• Instructions for the task: Every line of the data below is to be given again as it appears, with the images removed.

• Exercise data:
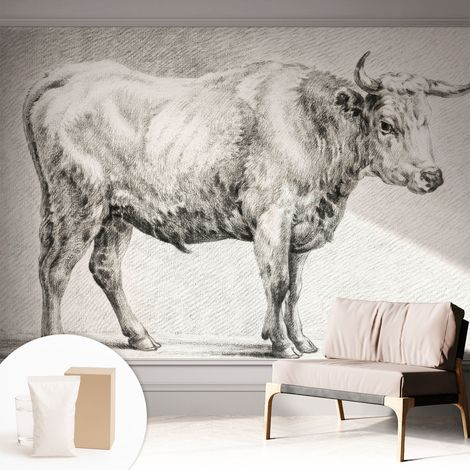 Papier peint intissé mural avec imprimé motifs décoratifs - style contemporain - Colle incluse gratuite Taureau au crayon 312x219 cm (1/5)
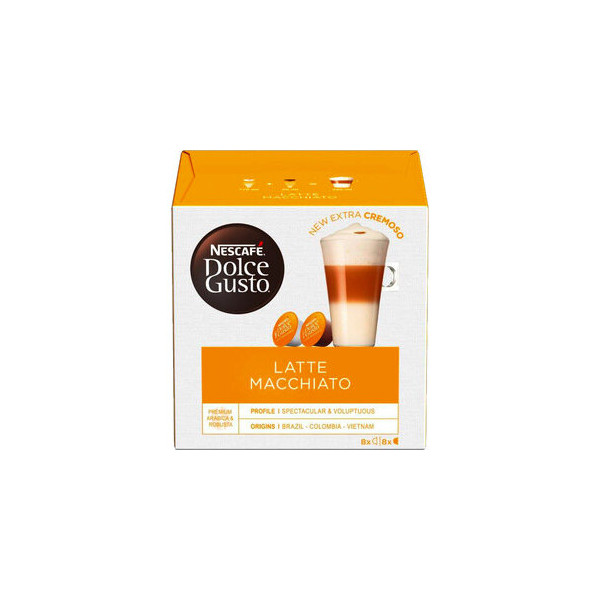 Nescafe Kaffeekapseln Dolce Gusto Latte Macchiato 4301613002, 16 Stück, Kapseln im Portionskarton 7613037491173 Nescafe 16 Stück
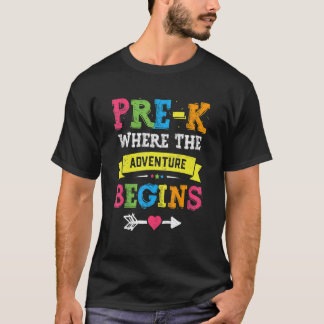 T-shirt Pré K Où L'Aventure Commence À Retourner À L'École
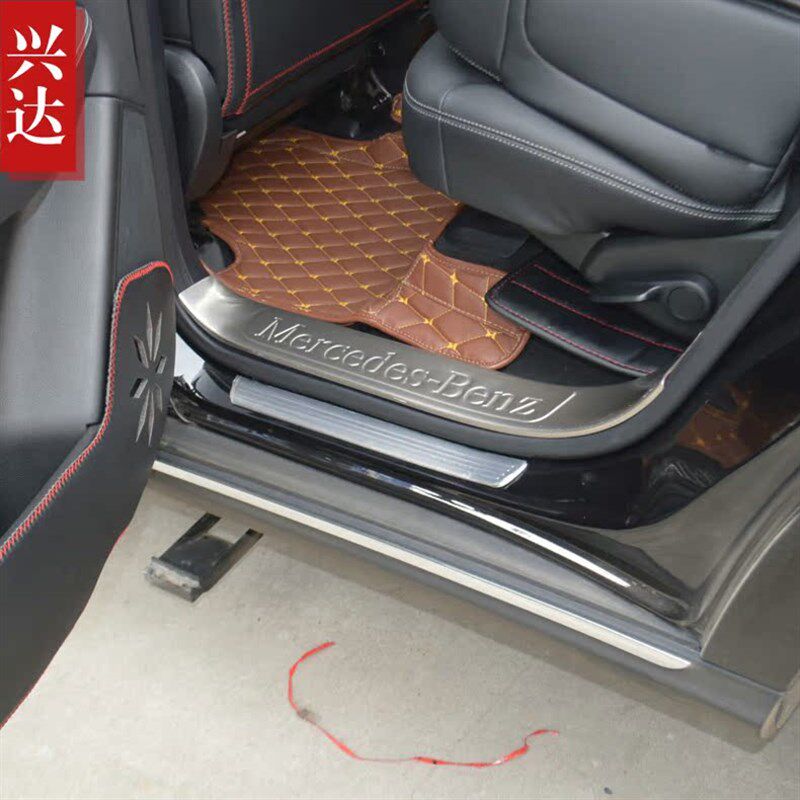适用于2013-19款梅赛德斯奔v驰GL/GLS不锈钢迎宾踏板 BENZ内门槛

• Your solution:
 Papier peint intissé mural avec imprimé motifs décoratifs - style contemporain - Colle incluse gratuite Taureau au crayon 312x219 cm (1/5)
 Nescafe Kaffeekapseln Dolce Gusto Latte Macchiato 4301613002, 16 Stück, Kapseln im Portionskarton 7613037491173 Nescafe 16 Stück
 T-shirt Pré K Où L'Aventure Commence À Retourner À L'École
适用于2013-19款梅赛德斯奔v驰GL/GLS不锈钢迎宾踏板 BENZ内门槛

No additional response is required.